Il patentino: come funziona?

Ma come potrebbero essere identificati gamer e professionisti? È presto detto! Per quanto concerne i gamer, si partirebbe da un presupposto: il gaming su PC è ormai quasi totalmente digitale. In questo senso, basterebbe collegare al proprio “patentino” uno o più account dei tanti store digitali dove è possibile acquistare giochi (come ad esempio Steam, GOG, ecc.) e, tramite una verifica incrociata tra store, produttore e retailer (cosa che spesso già avviene su parecchi negozi digitali, che permettono di aggiungere ad un singolo account più account di piattaforme ludiche differenti), validare che quello sia il proprio account (magari, utilizzando documenti reali per la propria identificazione, come ad esempio avviene quando si “verificano” i propri account sui principali social).

La validazione, ovviamente, dovrebbe seguire rigide regole: ad esempio, l’account di gioco dovrebbe esistere da almeno un anno e aver accumulato un tot ore di gioco per poter esser considerato “vero” (e in questo frangente, starebbe proprio alle piattaforme digitali dare la “luce verde” al profilo). Lo stesso dicasi per i professionisti: basterebbe allegare documentazione e dati di profilazione della propria attività (ad esempio, i dati della partita Iva) per mostrare che, da almeno un anno, si è effettivamente lavoratori del settore. Questa sarebbe, ovviamente, una buona base di partenza: una volta emesso il codice identificativo (o un altro strumento parimenti valido), esso potrebbe consentire la registrazione su di uno dei tanti siti globali di e-commerce (o direttamente su quelli dei produttori di GPU) che consentirebbe l’identificazione “finale” dell’utente. Sulla carta, l’operazione sarebbe teoricamente laboriosa, ma non impossibile: la validazione di una utenza potenzialmente (molto) numerosa, sarebbe sicuramente lenta ma fattibile anche in (relativo) poco tempo, se tutti gli attori coinvolti lavorassero in sincronia.

Un “patentino”, una singola GPU all’anno

Sono cosciente che la soluzione avrebbe, così com’è, un’ampia “porosità” e permeabilità a livello teorico: immagino già la compravendita a prezzi stellari di account Steam o Epic veri (mentre, per quanto concerne l’ipotetica “falsificazione” dei dati dei professionisti, lì la situazione sarebbe più complicata e difficile da attuare).

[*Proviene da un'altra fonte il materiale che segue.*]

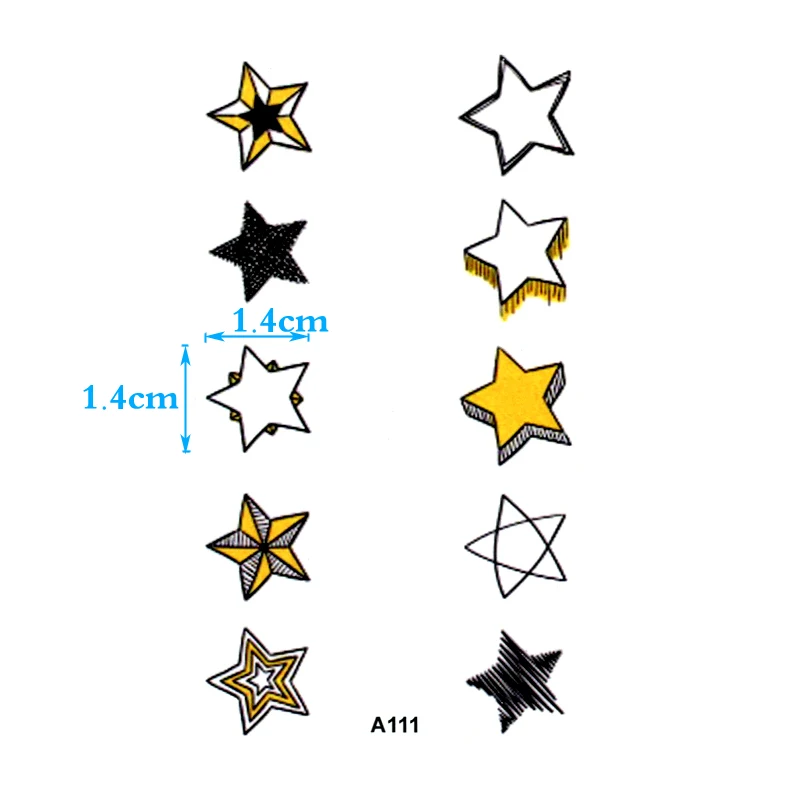 Small Color Star Waterproof Temporary Tattoo For Women Body Art Flash Tattoo Stickers Cuckold Henna Sleeves Tatoo Sticker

Detto ciò, anche in questo caso, ci sarebbe una soluzione semplicissima e molto efficace: basterebbe, semplicemente, legare ad ogni “patentino virtuale” la possibilità di acquistare UNA singola scheda video in un limite temporale ben preciso, ad esempio ogni 12 mesi. In questo, si potrebbe ad esempio rendere il citato codice identificativo univoco “spendibile” (ovvero, una volta acquistata la scheda video, si “estinguerebbe” per 12 mesi risultando non più valido). In questo modo, l’eventuale operazione truffaldina mirata all’acquisto di account Steam reali (o all’illegale falsificazione di dati legali correlati all’attività professionistica) diverrebbe una operazione estremamente dispendiosa e sconveniente sia per scalper che per miner. Mentre, per giocatori normali, avere una novella scheda video all’anno sarebbe anche “oltre” la normalità (in linea di massima, il cambio di setup per la stragrande maggioranza degli utenti PC avviene almeno dopo un paio di anni, all’avvento del classico “cambio di generazione” dei produttori). In questo modo, tutti gli utenti “validati” avrebbero maggiori possibilità di accaparrarsi nuove e fiammanti GPU e lo scalping sarebbe ridotto all’osso. Naturalmente, però, a monte dovrebbe esserci un impegno chiaro e trasparente di rivenditori e produttori che, a mio avviso, dovrebbero riservare una percentuale “fissa” di GPU ad ogni nuova “infornata”. Ad esempio, si potrebbe partire da una soluzione 70/30 (le prime ai “patentati”, le seconde in libera vendita) e, dopo una cospicua porzione di tempo, arrivare ad un 50 e 50. La qual cosa, comunque sia, garantirebbe anche una possibilità a reseller e miner di accedere all’acquisto di una GPU (seppur, giustamente, in quantità notevolmente ridotte).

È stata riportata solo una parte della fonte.